#### Data in this exercise
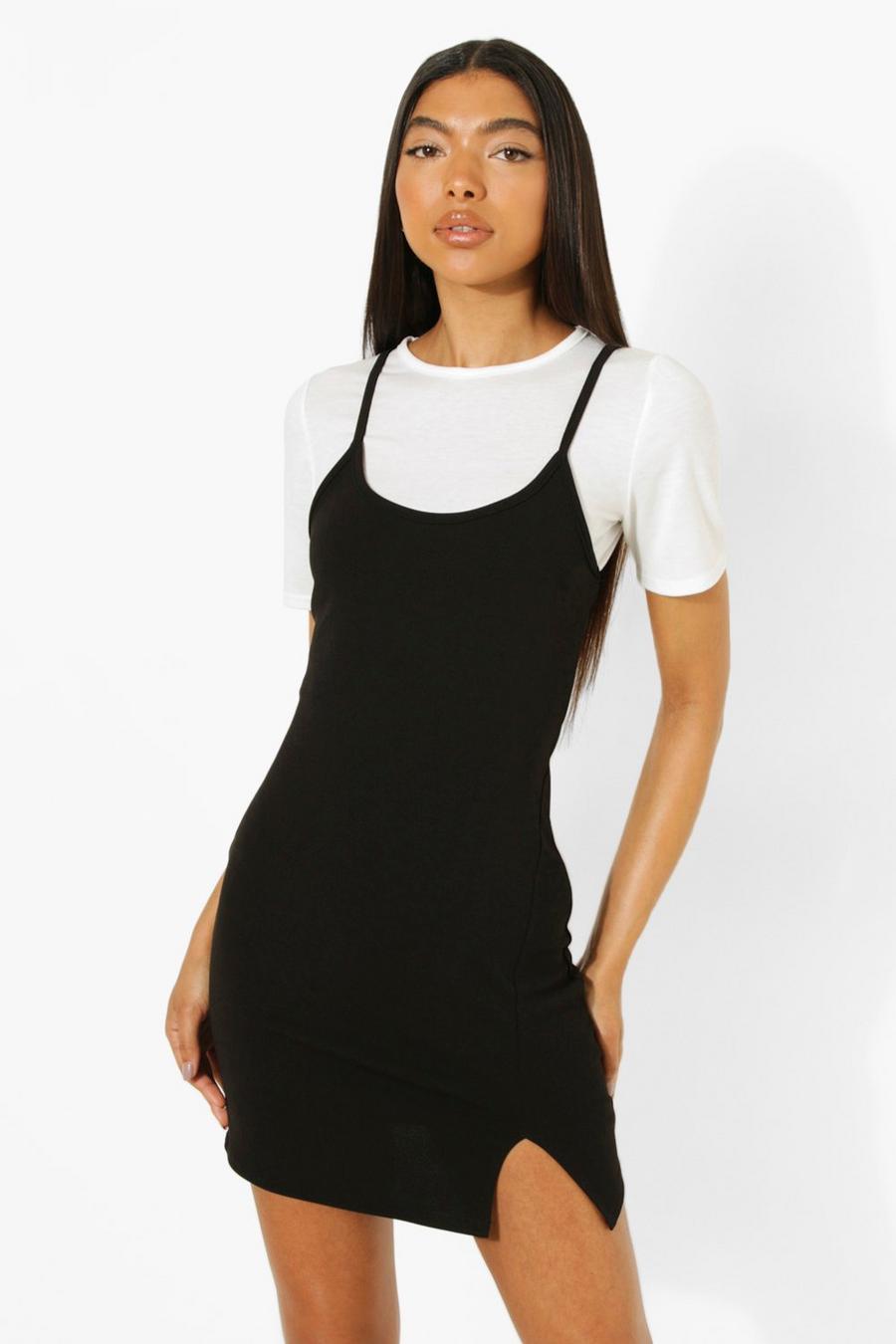 Black Tall 2-in-1 Slip Dress image number 1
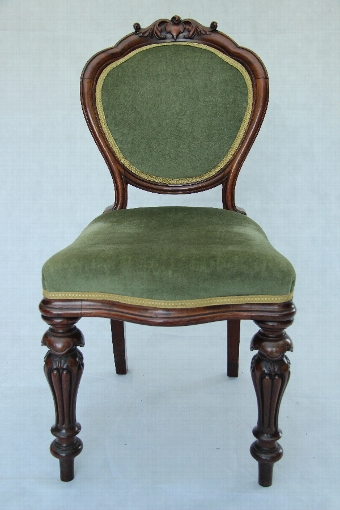 Superb Antique Victorian 19th Century Walnut Desk, Hall Side Chair, Carved Legs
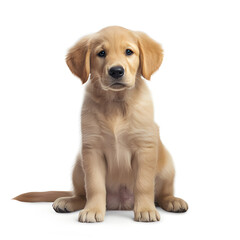 Cute little golden retriever dog on white background. Generative AI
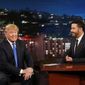 This photo provided by ABC shows guest Republican Presidential candidate Donald Trump, left, with host Jimmy Kimmel, on &amp;#8220;Jimmy Kimmel Live&amp;#8221; on Wednesday, Dec. 16, 2015, in Los Angeles. The ABC show airs every weeknight, 11:35 p.m. - 12:41 a.m., ET. (Randy Holmes/ABC via AP)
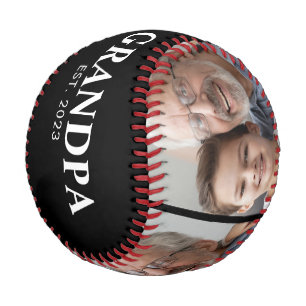Grandpa Established 3 Photo Grandparents Day Baseball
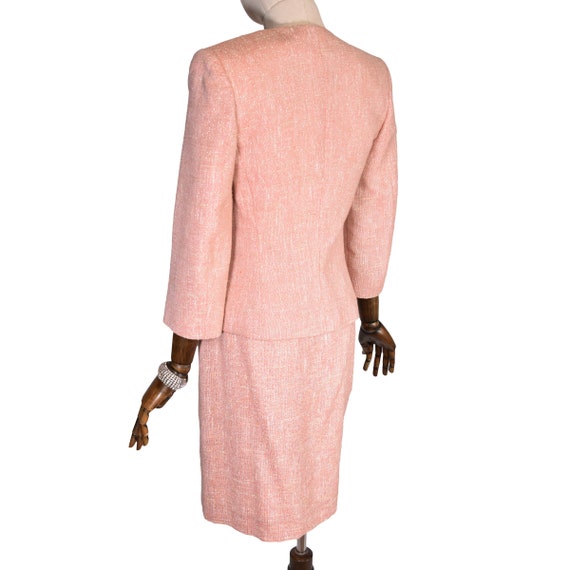 ELIO BERHANYER vintage 90s skirt set, Pink wool a… - image 6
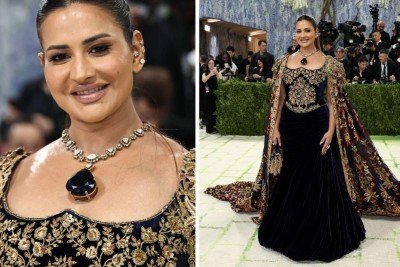 Sudha Reddy usou colar avaliado em R$ 74 milhões no Met Gala -  (crédito: AFP)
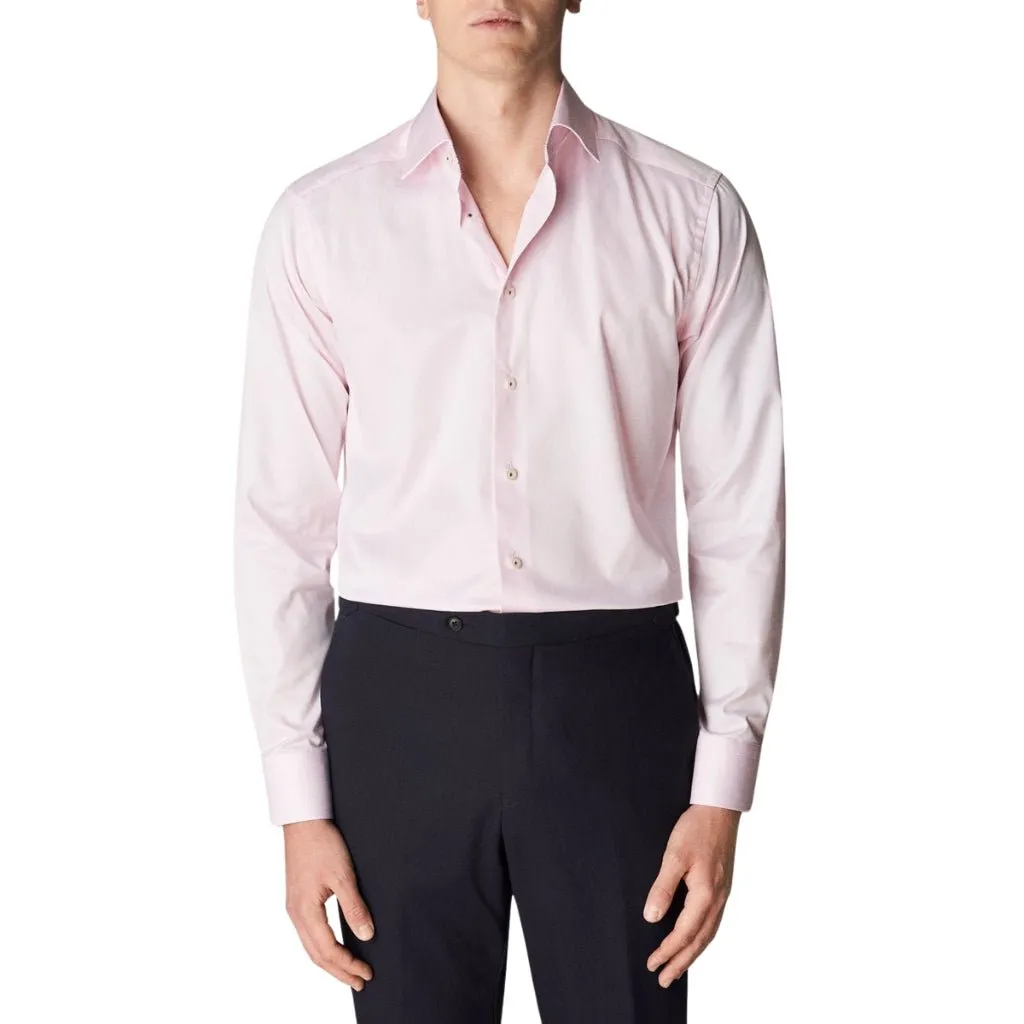 ETON Geometric Twill Long Sleeve Single Cuff Classic Fit Shirt PINK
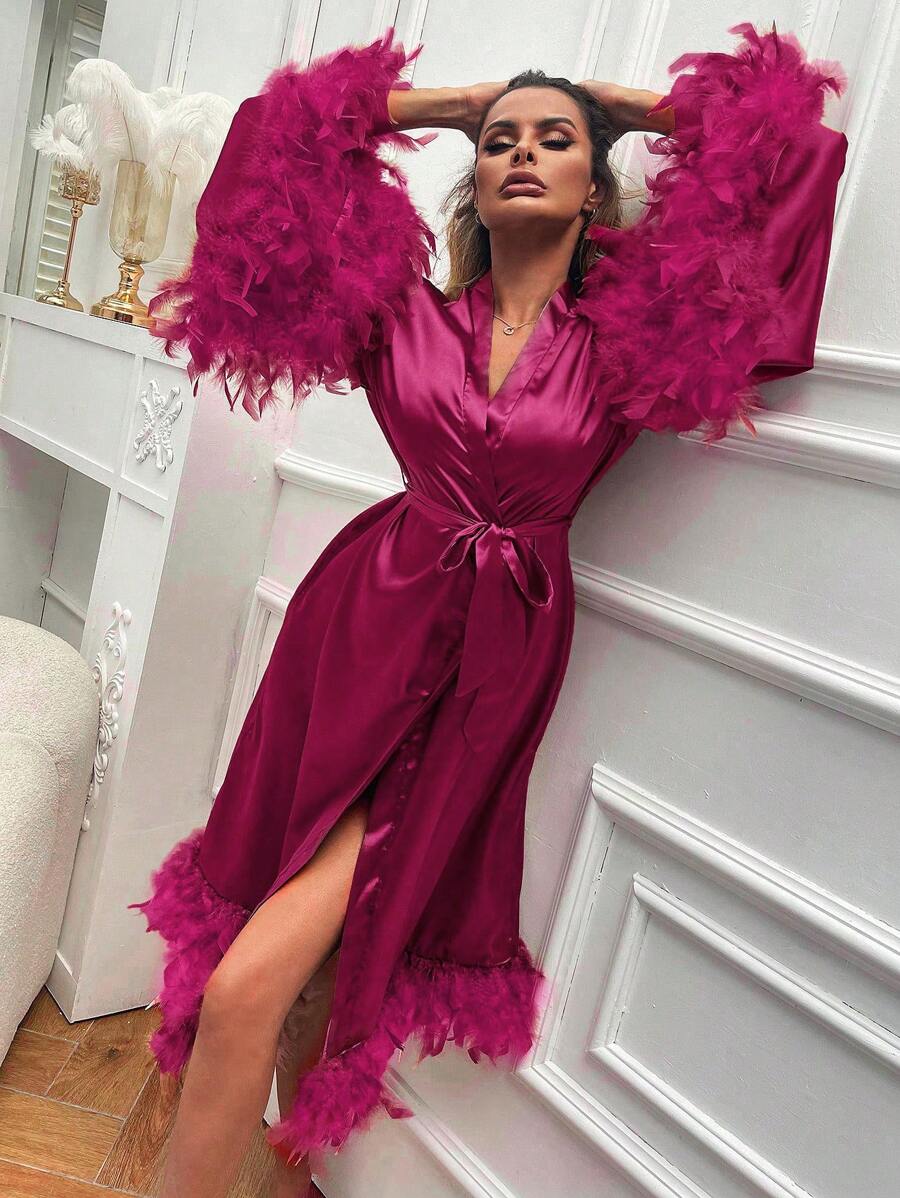 Áo choàng satin thắt lưng viền lông mịn Luxeloungewear, Thu - Màu Hồng Tươi - Xem 1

#### Exercise description
Would you retype the listing above exactly, omitting its pictures?

#### Exercise result
 Black Tall 2-in-1 Slip Dress image number 1
 Superb Antique Victorian 19th Century Walnut Desk, Hall Side Chair, Carved Legs
 Cute little golden retriever dog on white background. Generative AI
 This photo provided by ABC shows guest Republican Presidential candidate Donald Trump, left, with host Jimmy Kimmel, on &amp;#8220;Jimmy Kimmel Live&amp;#8221; on Wednesday, Dec. 16, 2015, in Los Angeles. The ABC show airs every weeknight, 11:35 p.m. - 12:41 a.m., ET. (Randy Holmes/ABC via AP)
Grandpa Established 3 Photo Grandparents Day Baseball
 ELIO BERHANYER vintage 90s skirt set, Pink wool a… - image 6
 Sudha Reddy usou colar avaliado em R$ 74 milhões no Met Gala -  (crédito: AFP)
 ETON Geometric Twill Long Sleeve Single Cuff Classic Fit Shirt PINK
 Áo choàng satin thắt lưng viền lông mịn Luxeloungewear, Thu - Màu Hồng Tươi - Xem 1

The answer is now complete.